Et nous ne savons pas appréhender cet outil. Même ceux dont les métiers sont directement impliqués ont du mal à le concevoir. Et c'est cette immensité, cet espace de liberté quasi-total et inédit qui fait peur. Peur à ceux qui ne veulent pas essayer, qui subissent ce changement sans avoir rien demandé et qui, au final, renoncent et veulent détruire cette "boite de Pandore" qui les menace soit directement (commercialement, politiquement...), indirectement et/ou irrationnellement. Alors on considère Internet (enfin, le Web particulièrement) comme une "drogue" à laquelle les intégrés seraient "accrocs", comme une menace pour "l'économie réelle" et contre "la liberté d'expression" par son effet négatif sur la presse papier historique (cette même presse papier totalement dépendante des subventions étatiques et du bon vouloir de leurs entreprises actionnaires, voilà pour "l'indépendance" et la "liberté"), responsable du "piratage" par "incitation au téléchargement illégal".

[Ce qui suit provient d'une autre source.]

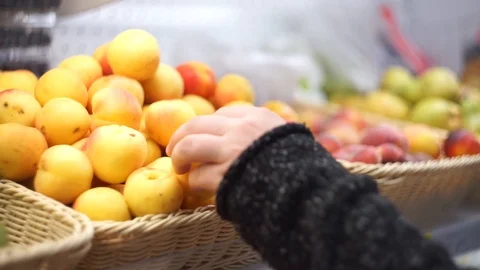 Close up of man hand. He take apricot in mall from box. Modern supermarket Stock Footage 112286231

Alors que faire, nous qui sommes au mieux mal équipés au pire désarmés ? La réponse est à la fois évidente et complexe. J'ai passé mon temps à décrire un outil numérique, Internet, qui permet l'interconnexion des réseaux. Utilisons le pour nous l'approprier ! Explorons les possibilités, tâtonnons, ouvrons-nous, inventons nos propres méthodes, à nous adapter sans cesse... Apprenons à marcher dans cette nouvelle réalité, celle qui, en définitive, impose de ne jamais rien croire sur parole, de s'investir, de vérifier, à toujours évoluer, s'adapter, de prioriser, de s'inventer, de se créer. Car nous n'existons que par le regard des autres. En définitive, la "fusion du numérique et du physique" oblige à se frayer seul un chemin dans un monde commun en s'appuyant sur ses interactions multiples avec les autres. Les plus curieux s'en sortiront donc mieux et plus facilement que ceux qui attendent qu'on leur trace un chemin. C'est donc non seulement un nouveau monde à réapprendre mais aussi une toute nouvelle dimension sociale à forger.